The process has involved enduring long lineups to pick up the catalogue, hurriedly selecting your films and then submitting those carefully chosen picks to a lottery system.
"I’ve contemplated giving up," says Toronto resident and film enthusiast Ian Roth, a dedicated TIFF-goer for a dozen years.
This year, TIFF is trying something new: a special online ticketing system.
In the past several years, film fans have had to buy blocks of tickets. They then had to get hold of TIFF’s special programming booklet, which is released in late August and has bar codes corresponding to each film and the times it is screening.
You then had a few days to scan through short synopses of the movies in the 400-page book to make your selections, being sure to indicate which were your first picks and which were your second picks.
Next, you had to make your way to the TIFF box office and personally submit your booklet and surrender your choices to chance.
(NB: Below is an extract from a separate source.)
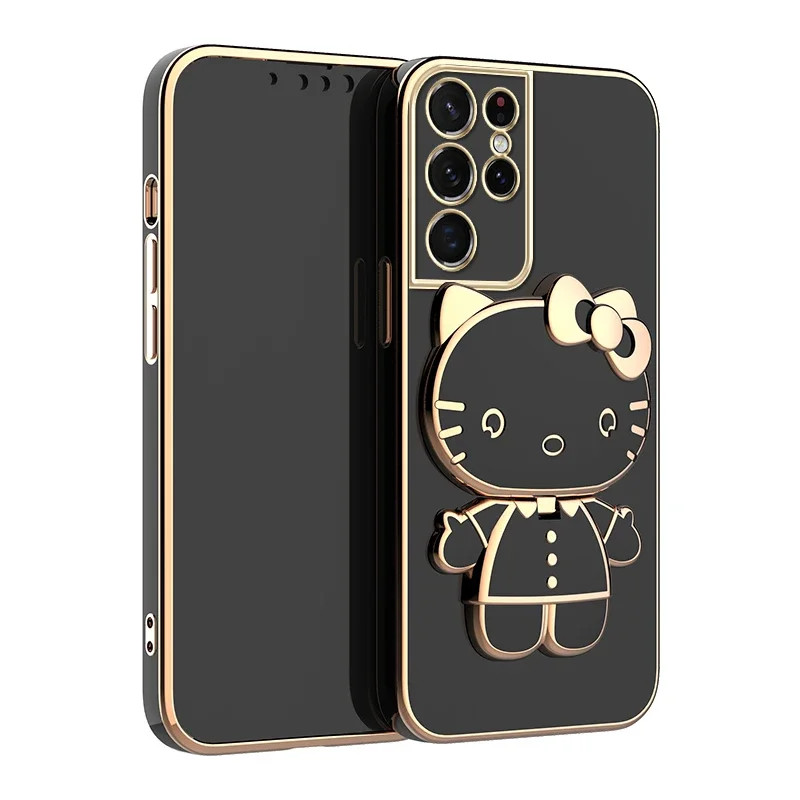 Funda de teléfono chapada de Hello Kitty para Samsung Galaxy, cubierta con soporte de espejo, A25, A35, A55, A15, A13, A23, A33, A53, A73, A12, A22, A32, A52, A72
Your booklet was then placed in one of many numbered boxes in TIFF’s lottery system.
If TIFF drew box number 15, for example, it would start doling out movie choices to the people in Box 15, then continue up to the last box before going back to Box 1. If you were unlucky enough to be in Box 14, you would be almost guaranteed not to get any of the popular picks, and possibly not even your alternate choices.
A new system
The new system, called the My Choice Ticketing Selection Process, is designed to make the procedure easier.
You can still get the physical booklet, though all descriptions are online as well, but after you’ve paid for your tickets, you’re assigned a code, login details and a set time between Aug. 23 and Aug. 29 in which you can access TIFF’s online Ticket Wizard system to select your films.
TIFF even has a YouTube video showing people how it works.
As to why the general public could not be provided a "First Come First Served" time allotment – that’s a mystery. Several calls to the festival’s administrative office went unanswered.
A query to a TIFF customer relations email address garnered this response: "Our system has always been a lottery system. This year anyone who purchased a package was put into the lottery system and dates/times were randomly selected through our computer system. This is how we keep things as fair as possible as opposed to having a first come first serve basis or alphabetically etc."
There is a much simpler system for getting single tickets, which are available to the general public starting Sept. 2. You can purchase them online, over the phone or in person. No lottery system is used.
Other festivals have a more streamlined system for advanced tickets. Roth points to Toronto’s other big film festival, Hot Docs.
"You go directly to their ticket office or order by phone and miraculously, somehow, someone always answers and they’re always polite and take your order. Stuff never sells out, even up until the first day of the festival."
Competing with TIFF donors
Roth has become something of an expert in ordering tickets at TIFF, having navigated both the old and new system. He’s not impressed with the treatment of long-time TIFF customers.
"In the last couple years though, it didn’t matter if you were in the first box — you weren’t getting first pick anyways," Roth notes.
"They decided to give advanced selection to people who’d given charitable donations, which is completely obscene."
That will continue under the new online system. Donor members — i.e. people who have made a minimum $400 donation to TIFF — get to choose their films between Aug. 23 and 26. Others, like Roth, are given times between Aug. 26 and Aug. 29. You can pick up your tickets starting Sept. 4.
The Ticket Wizard system – at least for the general public – provides random online selection times.
"They give people a one-hour time slot – they didn’t ask us when we were available. They give us, arbitrarily, this one hour!" Roth said in a tone mixed with exasperation and disbelief.
Roth bought his block of tickets in late July, but was given a time slot for his selections on the last day: Aug. 29th at 4 p.m. ET.
"One small benefit of being last is that they’ll have worked out the kinks by then," he says optimistically.
If you do not possess a computer, you can call or visit TIFF’s Box Office, but only during your allotted time slot.
If you manage to select only some of your movies during the time slot given, you will be provided vouchers for the remaining tickets and you will have to wait until Sept. 4 to redeem them in person at the box office.
"TicketMaster has a website and it works all the time. I can access it at any point," said Roth. "I just don’t think the TIFF system needs to be so crazy."